The order—which bars the firm, its promoters and key executives TC Goyal, Kameshwar Swarup and Ramesh Sanka from accessing the securities market and prohibit them from buying, selling or otherwise dealing in securities, directly or indirectly—comes into force with immediate effect.
It deals a severe blow to the company in its proposed plans to raise money through commercial mortgage backed securities to retire its debt pile.
An email query to the firm for an official comment on the development and if it plans to contest the decision did not immediately elicit a response.
DLF scrip sank 3.7 per cent to end the day at Rs 146.7 a share on the BSE in a strong Mumbai market on Monday.
The case dates back seven years ago when DLF filed its documents for its IPO in 2007. An individual Kimsuk Krishna Sinha had filed two complaints with SEBI on June 4, 2007 and July 19, 2007. He had stated that Sudipti Estates and certain other persons had duped him of Rs 34 crore in relation to a land transaction and he had registered an FIR against Sudipti and at that time it was a step down subsidiary of DLF.
In view of the said allegations, Sinha had requested that considering the imperative of safeguarding the interests of general public, the listing of DLF pursuant to the IPO be disallowed and immediate action be taken in this regard. DLF had replied to him that it was not connected with Sudipti at that point of time.
Sinha had later approached the Delhi High Court, which had called for an investigation by SEBI. SEBI had issued a show cause notice in June 2013 to the defendants, stating that DLF had transferred ownership of Sudipti to certain relatives of the company’s employees through an allegedly sham transactions to camouflage its association with the privately held firm.
DLF and other defendants in the case had countered that at the time of filing IPO documents Sudipti was not a subsidiary and that SEBI had transgressed its authority in its investigation of the case as the complaint by Sinha did not specifically relate to disclosures.
SEBI ruled that even after DLF sold its stake in Sudipti, it continued to have significant control on its management as the new shareholders were spouses of key management personnel of DLF.

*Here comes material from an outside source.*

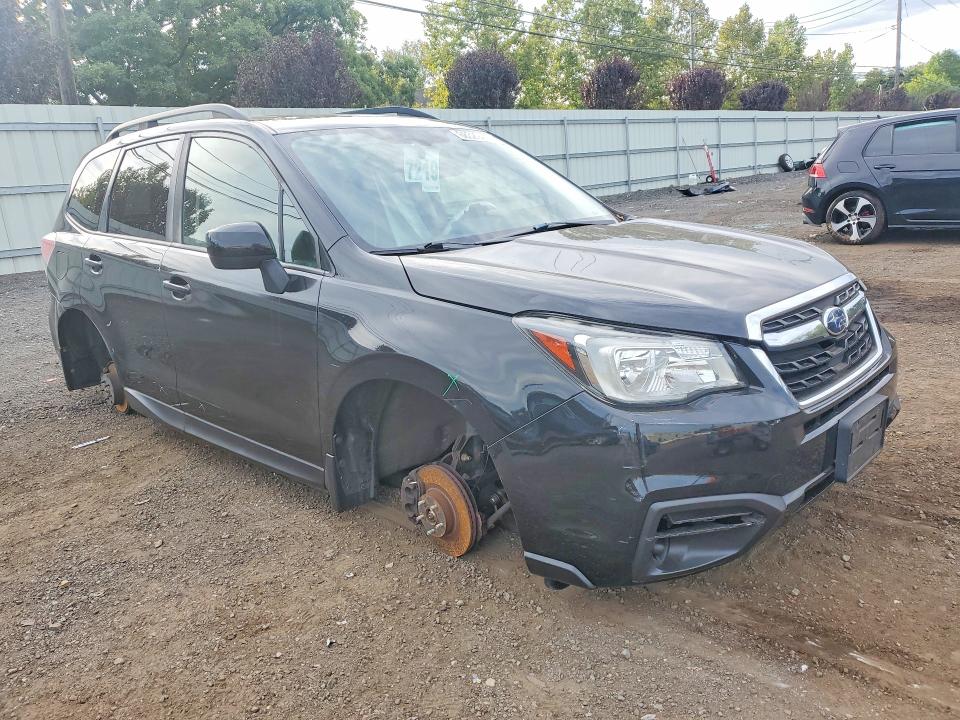 68529446 :رقم المزاد ، JF2SJAEC5HH417028 vin ، 2017 Subaru Forester مزاد بيع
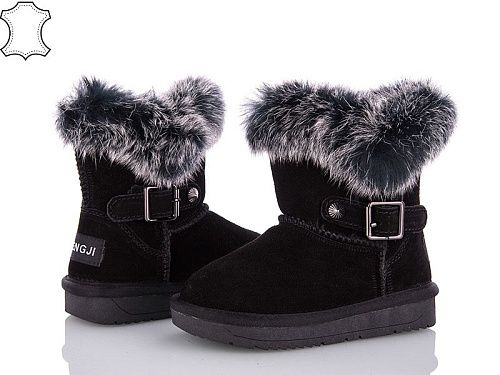 Угги Aba2 1ABA953 в магазине Фонтан Обуви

In an order dated October 10, Rajeev Kumar Agarwal, a whole-time director of SEBI, said DLF and six of the seven individuals named in the case failed to make requisite disclosures about related party transactions in its IPO documents and executed a ‘sham’ transaction to camouflage the case.
The SEBI order said that it was satisfied that the violations as found in this case are grave and have larger implications on the safety and integrity of the securities market.

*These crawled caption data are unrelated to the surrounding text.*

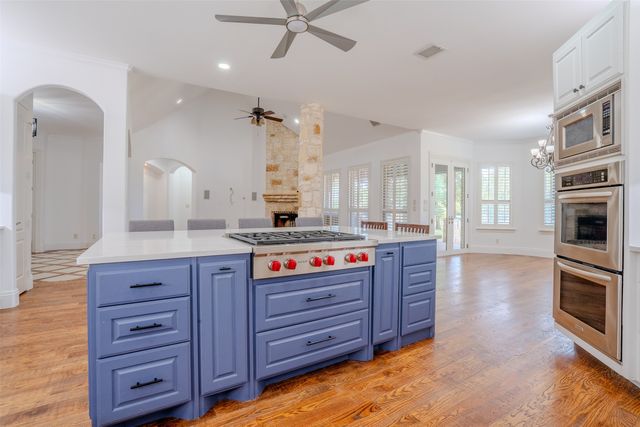710 Corsica Court, Argyle, TX 76226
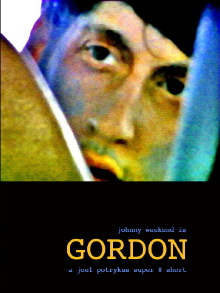 Gordon Trailer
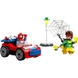 Конструктор LEGO Marvel Человек-Паук и Доктор Осьминог 10789 (5702017424149)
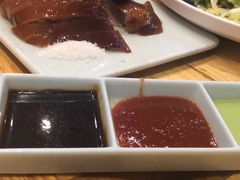 -满园烤鸭·春饼(华强广场店)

“In my view, for the serious contraventions as found in the instant case, effective deterrent actions to safeguard the market integrity. It, therefore, becomes incumbent to deal with contraventions, digression
and demeanour of the erring noticees sternly and take appropriate actions for effective deterrence,” said SEBI’s Agarwal.
DLF, T C Goyal and Ramesh Sanka were represented by Janak Dwarkadas and Shardul Shroff, one of the partners of India’s top corporate law firm Amarchand & Mangaldas & Suresh A Shroff & Co.
K P Singh, Rajiv Singh and Pia Singh were represented by J J Bhatt and Shroff while G S Talwar (who was not named in the final SEBI ruling) and Kameshwar Swarup were represented by Somasekhar Sunderasan and Paras K Parekh.